### Given entries

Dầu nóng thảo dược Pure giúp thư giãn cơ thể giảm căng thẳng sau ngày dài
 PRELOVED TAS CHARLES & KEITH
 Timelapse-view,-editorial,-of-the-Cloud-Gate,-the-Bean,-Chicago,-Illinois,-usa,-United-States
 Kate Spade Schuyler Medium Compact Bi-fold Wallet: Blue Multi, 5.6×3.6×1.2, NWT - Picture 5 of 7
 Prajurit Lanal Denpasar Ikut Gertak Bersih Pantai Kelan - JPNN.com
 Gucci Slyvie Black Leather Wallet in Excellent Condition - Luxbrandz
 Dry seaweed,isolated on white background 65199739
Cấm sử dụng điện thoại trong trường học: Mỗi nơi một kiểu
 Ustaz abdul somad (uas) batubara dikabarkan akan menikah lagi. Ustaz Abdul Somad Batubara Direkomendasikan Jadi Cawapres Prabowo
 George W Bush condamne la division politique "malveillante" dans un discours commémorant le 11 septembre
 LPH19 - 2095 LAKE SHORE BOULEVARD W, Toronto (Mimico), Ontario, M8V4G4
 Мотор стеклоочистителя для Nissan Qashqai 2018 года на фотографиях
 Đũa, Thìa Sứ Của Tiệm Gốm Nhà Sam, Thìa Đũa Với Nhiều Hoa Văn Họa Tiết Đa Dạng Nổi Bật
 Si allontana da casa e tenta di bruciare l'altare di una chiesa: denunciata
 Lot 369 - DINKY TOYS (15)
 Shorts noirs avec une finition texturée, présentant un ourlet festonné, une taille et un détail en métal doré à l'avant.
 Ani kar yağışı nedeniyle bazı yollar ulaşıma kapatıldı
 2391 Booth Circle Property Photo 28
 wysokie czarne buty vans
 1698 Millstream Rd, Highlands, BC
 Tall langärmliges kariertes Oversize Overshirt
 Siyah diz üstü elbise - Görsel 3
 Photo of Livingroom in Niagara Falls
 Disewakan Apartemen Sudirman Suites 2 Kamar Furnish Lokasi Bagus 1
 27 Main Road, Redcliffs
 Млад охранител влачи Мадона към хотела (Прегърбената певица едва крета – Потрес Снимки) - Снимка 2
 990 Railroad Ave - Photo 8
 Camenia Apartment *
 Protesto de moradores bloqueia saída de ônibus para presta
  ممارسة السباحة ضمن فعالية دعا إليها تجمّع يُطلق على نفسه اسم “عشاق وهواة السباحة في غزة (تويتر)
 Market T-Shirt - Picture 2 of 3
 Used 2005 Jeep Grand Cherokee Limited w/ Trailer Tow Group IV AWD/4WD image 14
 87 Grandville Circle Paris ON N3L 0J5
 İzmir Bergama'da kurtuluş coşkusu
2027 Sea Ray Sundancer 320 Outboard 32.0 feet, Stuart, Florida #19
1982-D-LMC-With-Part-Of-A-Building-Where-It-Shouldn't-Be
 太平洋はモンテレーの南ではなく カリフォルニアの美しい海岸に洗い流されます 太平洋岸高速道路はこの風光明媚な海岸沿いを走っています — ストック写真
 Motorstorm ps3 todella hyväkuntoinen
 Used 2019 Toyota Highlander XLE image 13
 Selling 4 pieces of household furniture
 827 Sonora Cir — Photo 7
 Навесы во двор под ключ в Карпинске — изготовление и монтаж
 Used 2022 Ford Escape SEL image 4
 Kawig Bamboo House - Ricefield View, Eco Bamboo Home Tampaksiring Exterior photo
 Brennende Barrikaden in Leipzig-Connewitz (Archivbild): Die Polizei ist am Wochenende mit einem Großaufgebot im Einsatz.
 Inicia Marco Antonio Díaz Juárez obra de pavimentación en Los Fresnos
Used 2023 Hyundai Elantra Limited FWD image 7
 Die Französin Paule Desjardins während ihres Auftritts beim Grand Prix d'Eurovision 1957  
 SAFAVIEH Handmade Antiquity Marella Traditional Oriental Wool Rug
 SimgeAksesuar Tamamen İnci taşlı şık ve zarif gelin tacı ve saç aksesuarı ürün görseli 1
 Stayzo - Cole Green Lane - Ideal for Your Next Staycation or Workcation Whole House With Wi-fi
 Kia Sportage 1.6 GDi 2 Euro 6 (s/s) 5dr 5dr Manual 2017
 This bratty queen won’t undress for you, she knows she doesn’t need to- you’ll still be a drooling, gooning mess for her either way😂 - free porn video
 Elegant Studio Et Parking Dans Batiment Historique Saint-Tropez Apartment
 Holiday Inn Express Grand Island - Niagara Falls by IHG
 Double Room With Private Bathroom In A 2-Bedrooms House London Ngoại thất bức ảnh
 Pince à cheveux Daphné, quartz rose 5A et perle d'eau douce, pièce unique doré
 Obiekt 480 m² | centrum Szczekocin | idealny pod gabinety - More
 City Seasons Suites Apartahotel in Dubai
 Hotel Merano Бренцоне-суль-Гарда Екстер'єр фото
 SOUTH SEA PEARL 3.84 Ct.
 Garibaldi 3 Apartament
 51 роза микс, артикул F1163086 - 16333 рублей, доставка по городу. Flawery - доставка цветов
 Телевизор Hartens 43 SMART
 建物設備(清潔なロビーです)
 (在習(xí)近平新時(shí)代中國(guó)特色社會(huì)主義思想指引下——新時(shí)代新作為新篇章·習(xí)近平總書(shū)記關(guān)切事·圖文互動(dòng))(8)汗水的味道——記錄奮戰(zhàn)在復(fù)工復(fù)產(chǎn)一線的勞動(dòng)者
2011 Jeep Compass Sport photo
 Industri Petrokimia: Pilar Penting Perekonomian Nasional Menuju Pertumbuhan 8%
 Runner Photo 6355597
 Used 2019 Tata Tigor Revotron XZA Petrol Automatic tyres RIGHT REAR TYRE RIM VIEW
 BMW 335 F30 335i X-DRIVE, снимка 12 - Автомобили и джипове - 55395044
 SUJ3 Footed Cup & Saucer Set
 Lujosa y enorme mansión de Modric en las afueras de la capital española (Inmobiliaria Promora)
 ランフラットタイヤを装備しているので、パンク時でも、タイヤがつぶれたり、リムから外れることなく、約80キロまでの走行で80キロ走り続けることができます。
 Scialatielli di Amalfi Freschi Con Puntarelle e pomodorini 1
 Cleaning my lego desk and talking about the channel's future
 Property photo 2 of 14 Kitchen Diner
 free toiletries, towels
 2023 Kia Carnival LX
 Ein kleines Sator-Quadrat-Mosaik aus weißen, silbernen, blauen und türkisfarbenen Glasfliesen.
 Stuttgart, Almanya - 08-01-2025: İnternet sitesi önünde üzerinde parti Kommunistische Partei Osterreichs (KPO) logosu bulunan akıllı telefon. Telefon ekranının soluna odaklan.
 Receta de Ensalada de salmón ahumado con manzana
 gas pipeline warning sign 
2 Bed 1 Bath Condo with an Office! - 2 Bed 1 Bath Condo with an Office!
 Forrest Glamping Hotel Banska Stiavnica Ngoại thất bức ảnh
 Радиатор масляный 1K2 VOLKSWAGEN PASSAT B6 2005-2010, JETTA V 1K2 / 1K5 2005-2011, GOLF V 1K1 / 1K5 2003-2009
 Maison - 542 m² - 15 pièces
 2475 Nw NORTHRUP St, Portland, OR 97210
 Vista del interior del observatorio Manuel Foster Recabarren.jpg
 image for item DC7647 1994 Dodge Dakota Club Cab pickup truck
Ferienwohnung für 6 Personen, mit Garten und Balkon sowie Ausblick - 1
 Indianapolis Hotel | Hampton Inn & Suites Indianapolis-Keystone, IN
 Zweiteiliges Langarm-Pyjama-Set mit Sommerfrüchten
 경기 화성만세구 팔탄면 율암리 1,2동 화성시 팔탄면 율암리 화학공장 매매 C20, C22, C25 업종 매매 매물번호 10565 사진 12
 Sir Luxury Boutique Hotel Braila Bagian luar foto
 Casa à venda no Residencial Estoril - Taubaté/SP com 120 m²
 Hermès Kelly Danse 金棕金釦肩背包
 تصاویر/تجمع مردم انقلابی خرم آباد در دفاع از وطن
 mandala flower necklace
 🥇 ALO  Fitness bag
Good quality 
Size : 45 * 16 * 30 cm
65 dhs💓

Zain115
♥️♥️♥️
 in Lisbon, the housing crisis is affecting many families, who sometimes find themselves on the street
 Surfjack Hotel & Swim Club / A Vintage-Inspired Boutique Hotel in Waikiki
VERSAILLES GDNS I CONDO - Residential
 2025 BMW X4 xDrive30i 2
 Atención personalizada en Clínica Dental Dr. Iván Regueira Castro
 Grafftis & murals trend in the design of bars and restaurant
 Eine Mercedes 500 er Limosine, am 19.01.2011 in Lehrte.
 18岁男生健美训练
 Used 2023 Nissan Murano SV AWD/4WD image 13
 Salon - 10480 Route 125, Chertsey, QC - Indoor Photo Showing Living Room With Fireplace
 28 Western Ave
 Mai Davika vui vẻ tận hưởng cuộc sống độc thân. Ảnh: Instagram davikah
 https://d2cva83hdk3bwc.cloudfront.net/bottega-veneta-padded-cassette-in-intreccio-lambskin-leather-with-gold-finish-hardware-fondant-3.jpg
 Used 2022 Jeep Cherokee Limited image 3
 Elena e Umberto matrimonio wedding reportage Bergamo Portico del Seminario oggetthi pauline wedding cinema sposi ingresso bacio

######

About this task.
Lines before the one containing "2025 BMW X4 xDrive30i 2" stay out; reproduce that line and all the lines after it, through the end of the listing, exactly.

Response for this exercise.
 2025 BMW X4 xDrive30i 2
 Atención personalizada en Clínica Dental Dr. Iván Regueira Castro
 Grafftis & murals trend in the design of bars and restaurant
 Eine Mercedes 500 er Limosine, am 19.01.2011 in Lehrte.
 18岁男生健美训练
 Used 2023 Nissan Murano SV AWD/4WD image 13
 Salon - 10480 Route 125, Chertsey, QC - Indoor Photo Showing Living Room With Fireplace
 28 Western Ave
 Mai Davika vui vẻ tận hưởng cuộc sống độc thân. Ảnh: Instagram davikah
 https://d2cva83hdk3bwc.cloudfront.net/bottega-veneta-padded-cassette-in-intreccio-lambskin-leather-with-gold-finish-hardware-fondant-3.jpg
 Used 2022 Jeep Cherokee Limited image 3
 Elena e Umberto matrimonio wedding reportage Bergamo Portico del Seminario oggetthi pauline wedding cinema sposi ingresso bacio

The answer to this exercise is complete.